Unfortunately, the new implementation is immediately plagued by problems that seem to especially apparent when two clients are trying to access data around the same time. One opens the CSV file, reads, modifies, and writes some data, but that change is immediately clobbered by another client trying to do the same.

Data loss from contention between two clients.
Data loss from contention between two clients.

This is a problem of concurrent access and it’s addressed by introducing concurrency control. There are plenty of naive solutions. We could ensure that any process takes out an exclusive lock on a file before reading or writing it, or we could push all operations through a single flow control point so that they only run one at a time. Not only are these workarounds slow, but they won’t scale up to allow us to make our database fully ACID-compliant. Modern databases have a better way, MVCC (multi-version concurrency control).

Under MVCC, statements execute inside of a transaction, and instead of overwriting data directly, they create new versions of it. The original data is still available to other clients that might need it, and any new data stays hidden until the transaction commits. Clients are no longer in direct contention, and data stays safely persisted because they’re not overwriting each other’s changes.

When a transaction starts, it takes a snapshot that captures the state of a database at that moment in time. Every transaction in the database is applied in serial order, with a global lock ensuring that only one is being confirmed committed or aborted at a time. A snapshot is a perfect representation of the database’s state between two transactions.
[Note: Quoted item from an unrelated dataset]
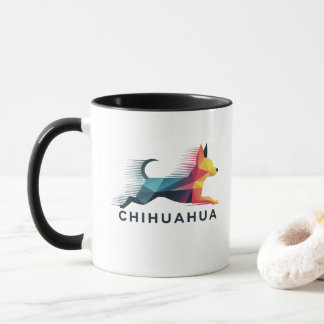 Chihuahua poligonal en amarillo y azul マグカップ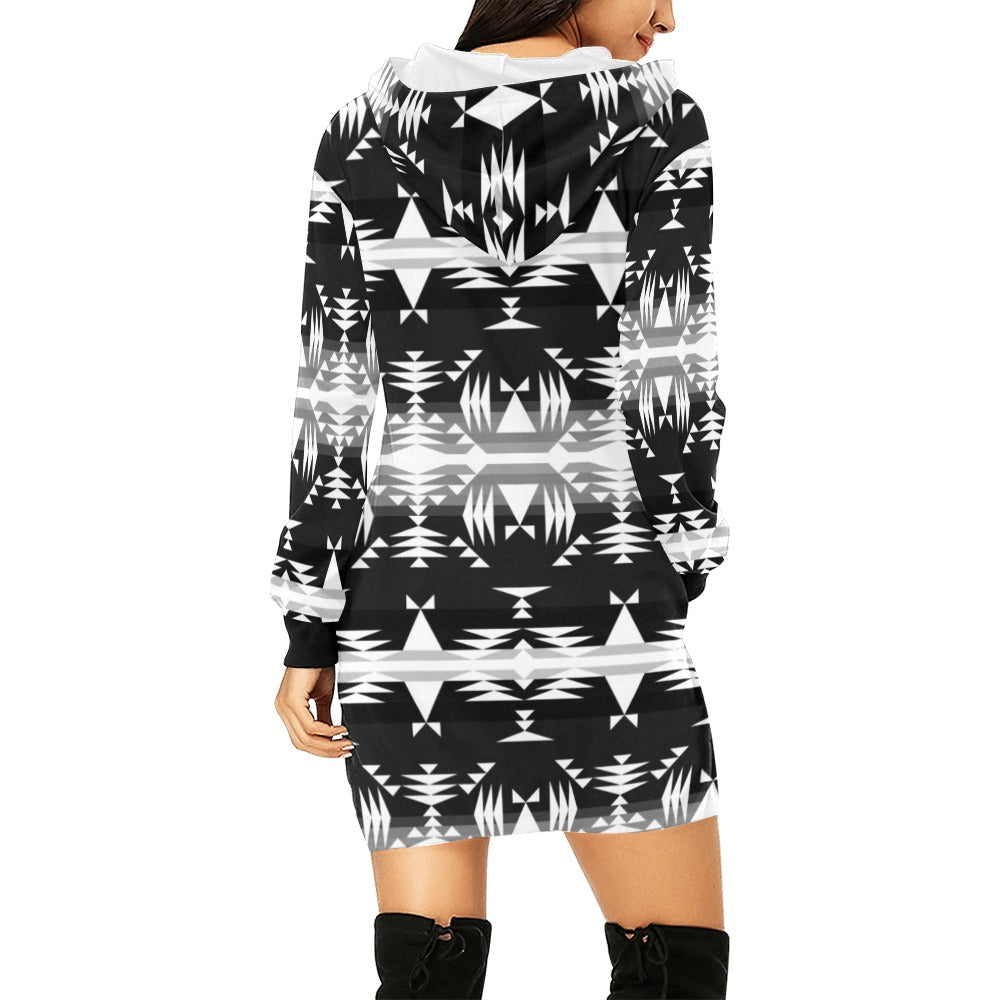 Between the Mountains Black and White Hoodie Dress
To avoid the neverending accumulation of rows that have been deleted and hidden, databases will eventually remove obsolete data by way of a vacuum process (or in some cases, opportunistic “microvacuums” that happen in band with other queries), but they’ll only do so for information that’s no longer needed by open snapshots.

Postgres manages concurrent access with MVCC. Lets take a look at how it works.
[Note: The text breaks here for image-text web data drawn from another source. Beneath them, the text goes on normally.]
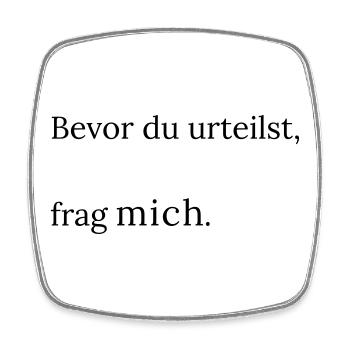 Frag_mich - Viereckiger Kühlschrankmagnet - Weiß - Vorne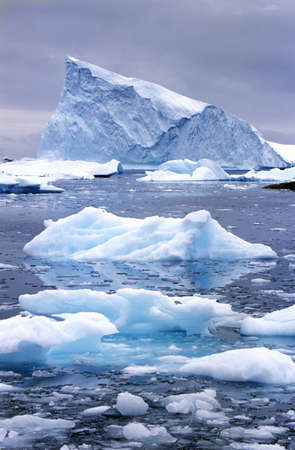 Icebergs in Paradise Harbor, Antarcticaのeditorial素材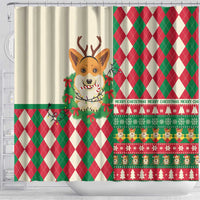Wales Corgi Christmas Shower Curtain Seamless Cute Dog Argyle Pattern - Wonder Print Shop
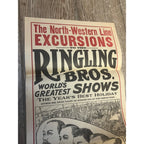 Vintage c1910 Ringling Bros Circus Northwestern Railroad Broadside Poster
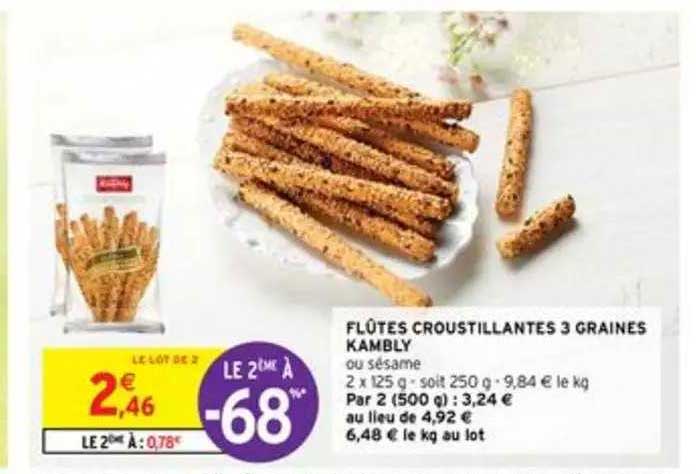 Flûtes Croustillantes 3 Graines Kambly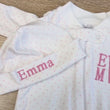 Load and play video in Gallery viewer, Personalized Pima Cotton Newborn Sleeper with Name or Initial Embroidered Baby Footie and Hat Coming Home Outfit
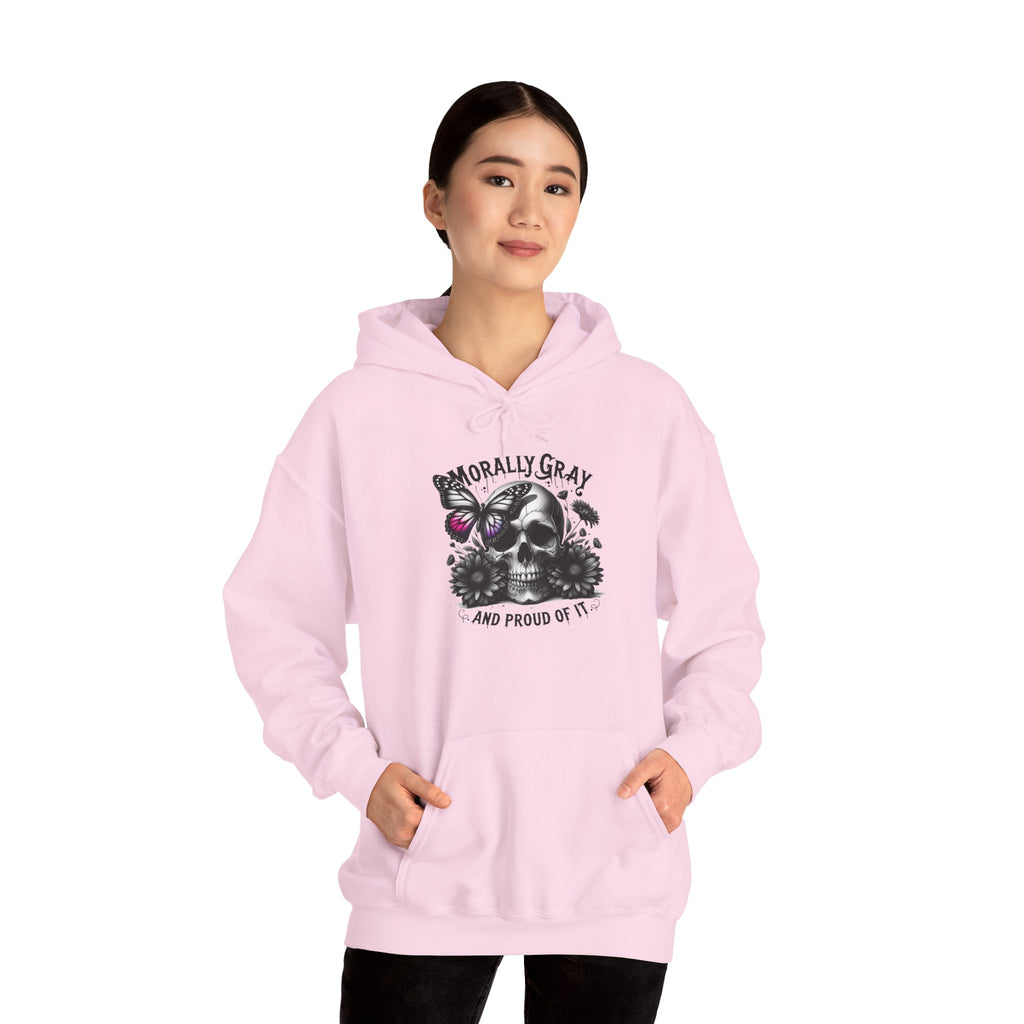 Hoodie — "Morally Gray and Proud of It" Skull & Butterfly Graphic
Here’s the data structure that Postgres uses to represent a transaction (from proc.c):

typedef struct PGXACT
{
    TransactionId xid;   /* id of top-level transaction currently being
                          * executed by this proc, if running and XID
                          * is assigned; else InvalidTransactionId */

    TransactionId xmin;  /* minimal running XID as it was when we were
                          * starting our xact, excluding LAZY VACUUM:
                          * vacuum must not remove tuples deleted by
                          * xid >= xmin ! */

    ...
} PGXACT;

Transactions are identified with a xid (transaction, or “xact” ID). As an optimization, Postgres will only assign a transaction a xid if it starts to modify data because it’s only at that point where other processes need to start tracking its changes. Readonly transactions can execute happily without ever needing a xid.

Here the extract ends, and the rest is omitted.